What you need to know about the Anti-Distracted Driving Act

Aika Rey
What you need to know about the Anti-Distracted Driving Act
(UPDATED) Republic Act No 10913 or the Anti-Distracted Driving Act defines 'distracted driving' as using telecommunications or entertainment devices while in motion or temporarily stopped at a red traffic light

MANILA, Philippines (UPDATED) – The new implementing rules and regulations (IRR) of the Anti-Distracted Driving Act have been released, with revisions to take into account concerns raised by motorists and various stakeholders.

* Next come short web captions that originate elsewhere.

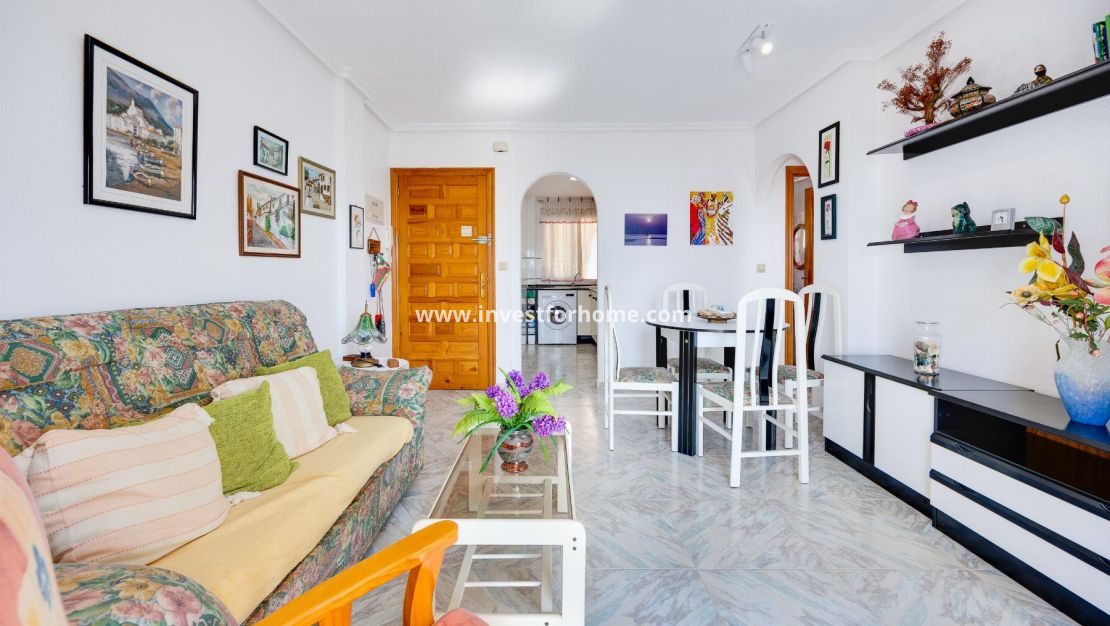 Vente - Appartement - Torrevieja - Torre Del Moro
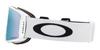 Goggles 0OO7070 Free Size Matte White [Oakley]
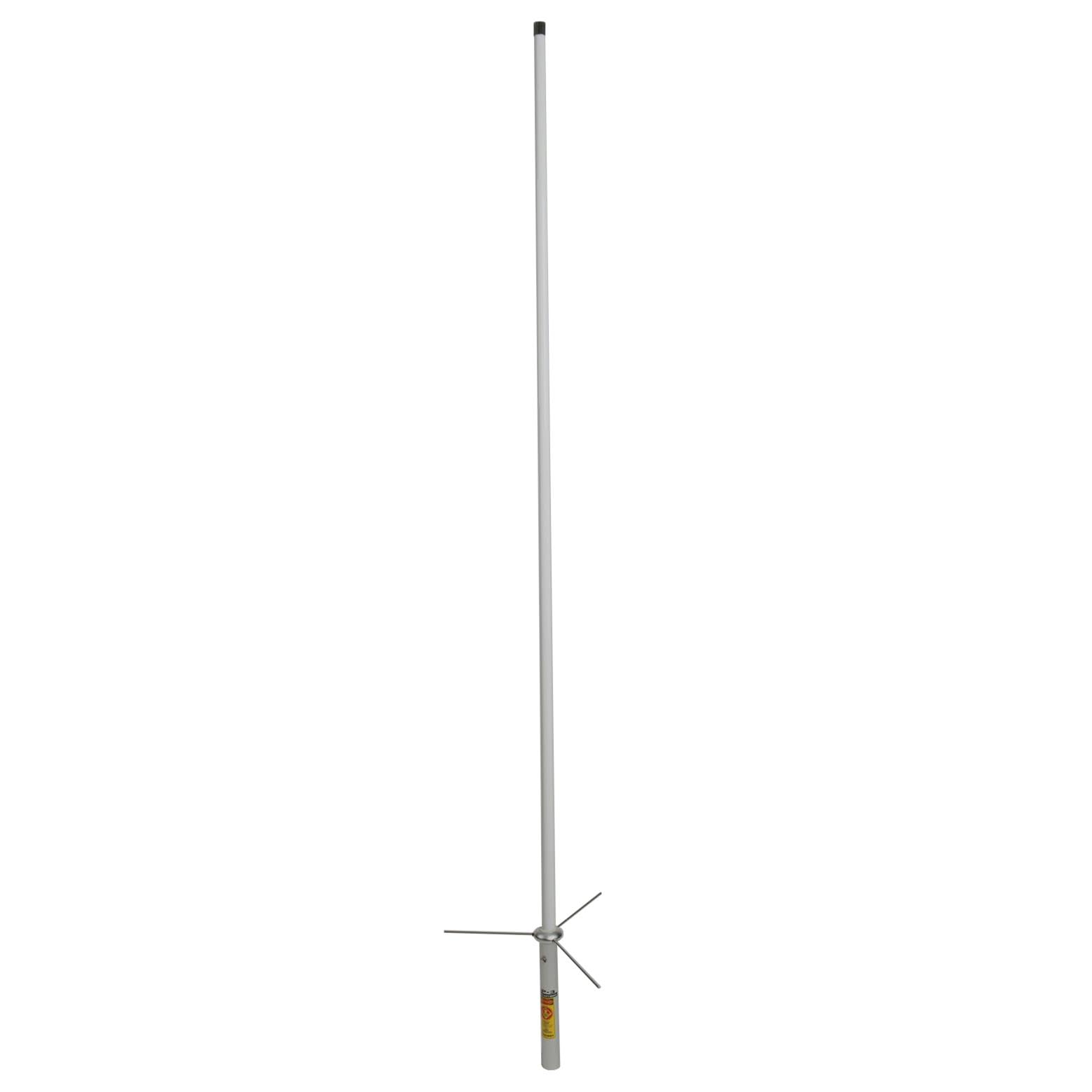 Amazon.com: Comet GP-3 Dual-Band VHF/UHF Base Antenna 144/430 MHz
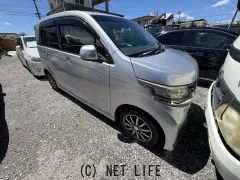 部品取車 Nワゴン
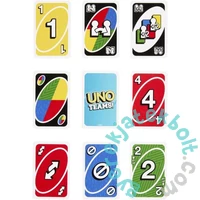 Uno kártya - Teams (HXT58)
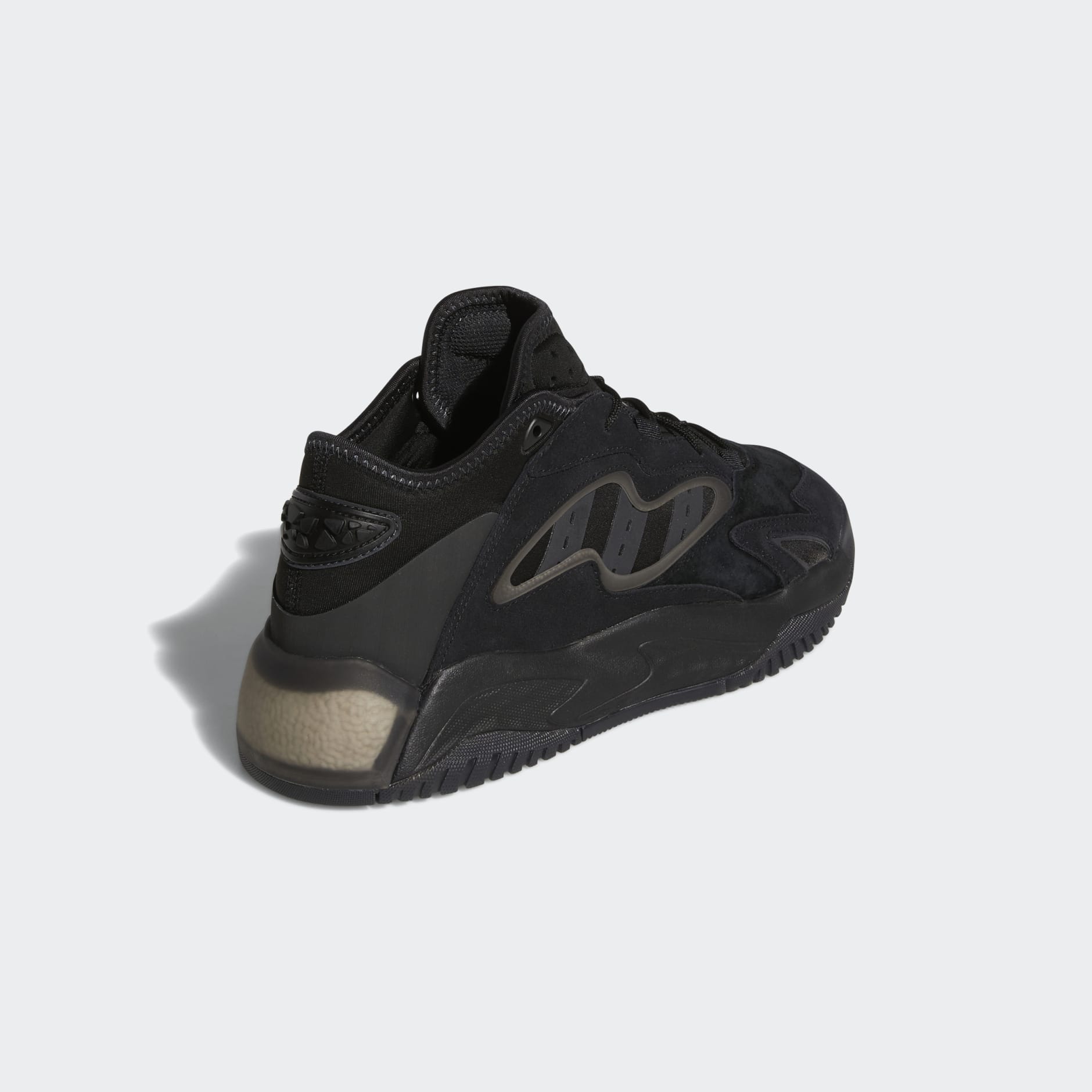 adidas Streetball  Shoes - Black | adidas ZA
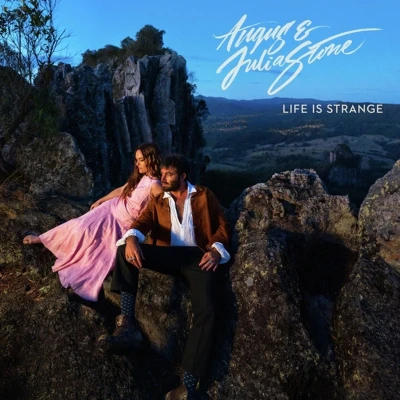 Afbeelding van Angus &amp; Julia Stone Life Is Strange (Cd)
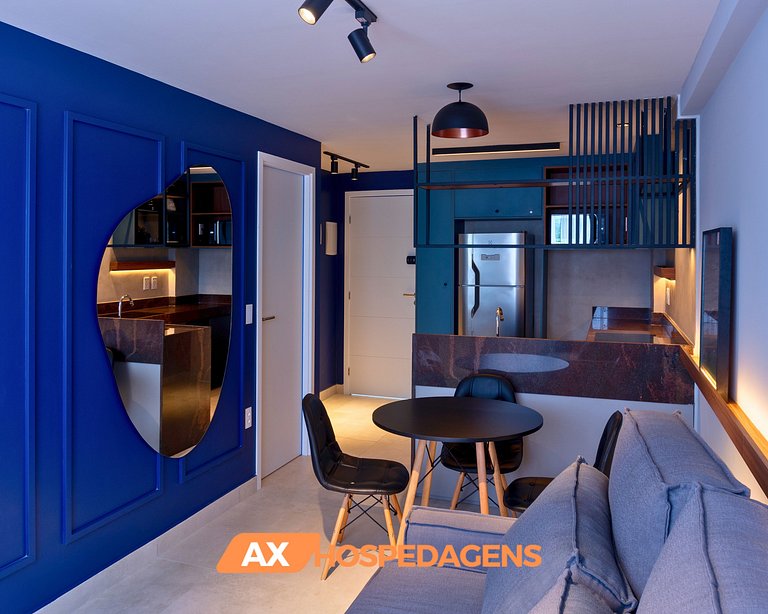 AX Puerto Ventura Premium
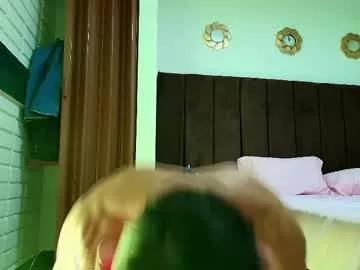 harryttaylor from Chaturbate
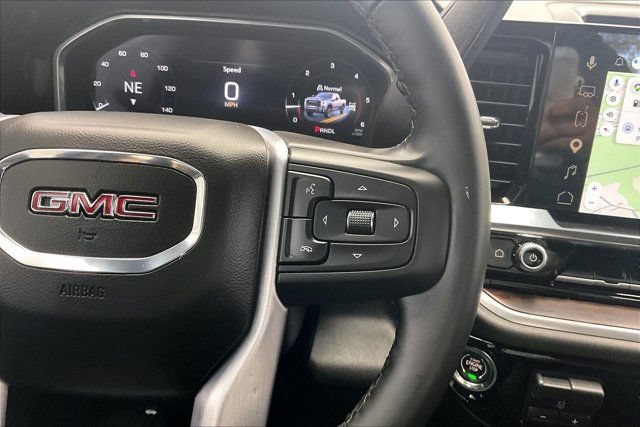 Used 2026 GMC Sierra 2500 SLT AWD/4WD image 21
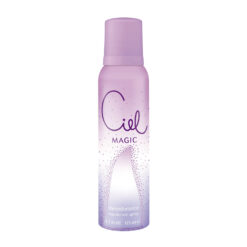 Desodorante Ciel Magic X 123 Ml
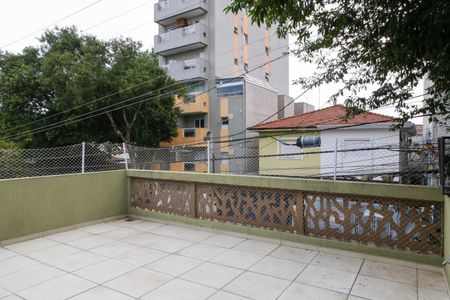 Casa para alugar com 140m², 4 quartos e 2 vagasQuarto 1 - Sacada suíte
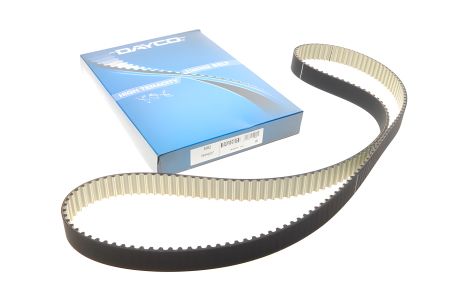 Зубчатый ремень ГРМ IVECO DAILY и FIAT DUCATO от DAYCO (94962) Зубчатый ремень ГРМ IVECO DAILY и FIAT DUCATO от DAYCO (94962)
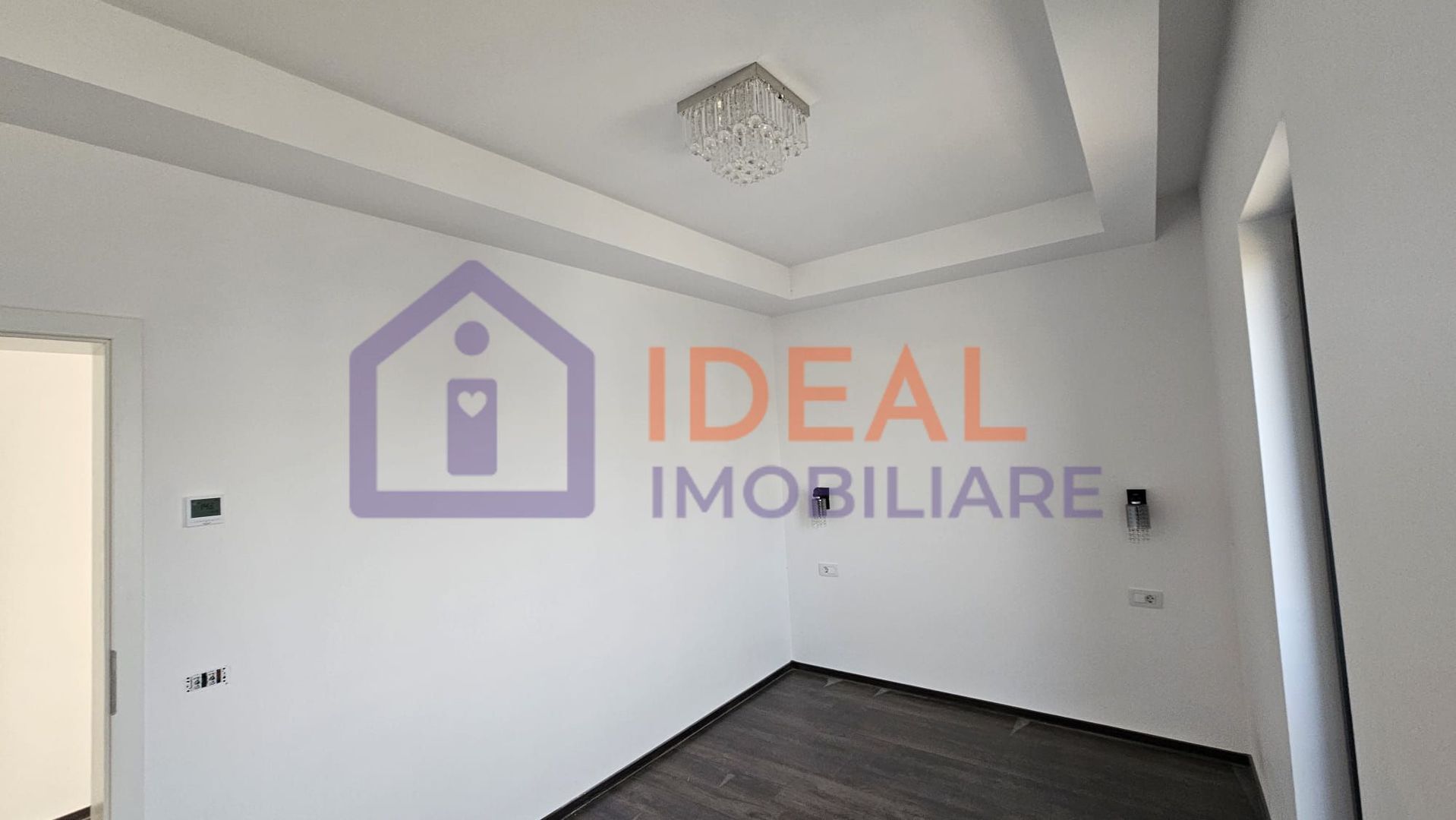 Duplex Modern cu 4 camere si gradina, in Cristian - Poză 7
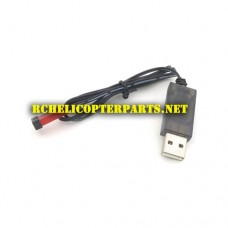 F5-16 USB Parts for Contixo F5 Drone Quadcopter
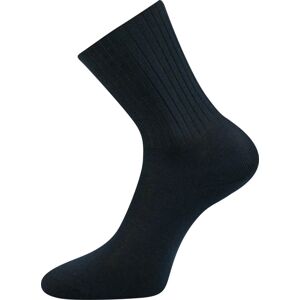 Ponožky Voxx Diarten tmavě modrá, 1 pár Velikost ponožek: 35-37 EU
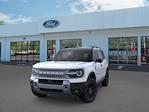 2025 Ford Bronco Sport 4WD SUV for sale #5T6744 - photo 3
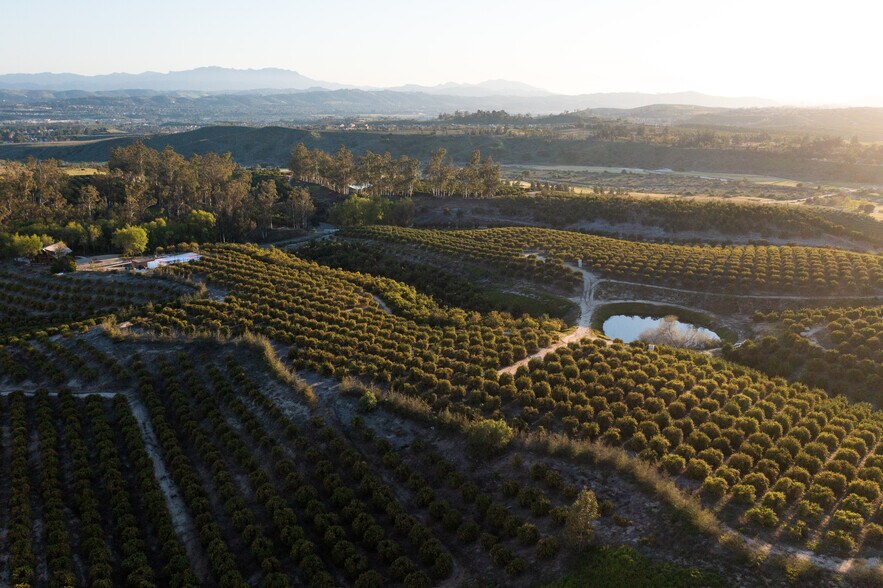 More Photos Of 15000 Middle Ranch Rd, Moorpark Land For Sale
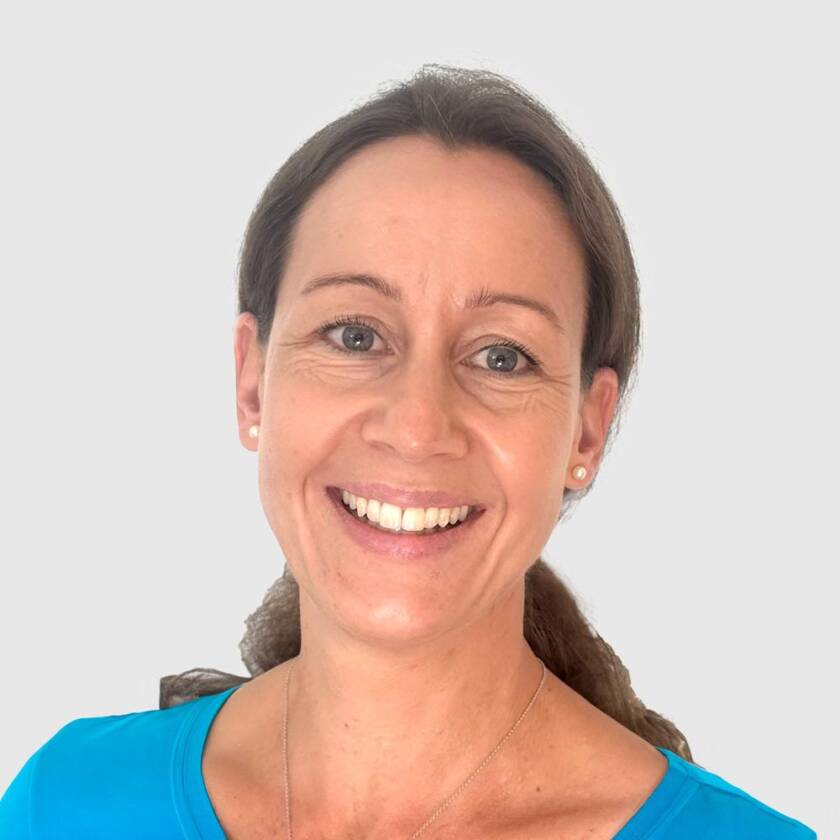 Mirjam Kurtz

Republic Act No 10913 or the Anti-Distracted Driving Act initially took effect Thursday, May 18 – 10 months after it lapsed into law in July 2016. But the implementation of the law was suspended on May 23 after motorists complained about the vague provisions in the IRR.

After a review of the IRR, the Department of Transportation released the revised guidelines on Wednesday, June 14.

The law defines “distracted driving” as using telecommunications or entertainment devices while in motion or temporarily stopped at a red traffic light.

A 2015 National Statistics Office report cites using cellular phones while driving as one of the top causes of road crash incidents, with a total of 1,290 reported incidents from 2012 to 2014. (READ: IN NUMBERS: Road crash incidents in the Philippines)

Under the new law, drivers of both public and private vehicles are not allowed to use phones to call, text, play games, or surf the internet while in motion or temporarily stopped at a red traffic light or at an intersection.

Watching movies, reading e-books, or performing calculations are also prohibited, along with other activities that will distract the driver while driving.

The law also covers a wide range of other vehicles – wheeled agricultural machinery, construction equipment, bicycles, pedicabs, trolleys,wagons, carriages, carts, the habal-habal or modified motorcycle that seats more than two people, and the kuliglig, a two-wheeled trailer hitched to a hand tractor.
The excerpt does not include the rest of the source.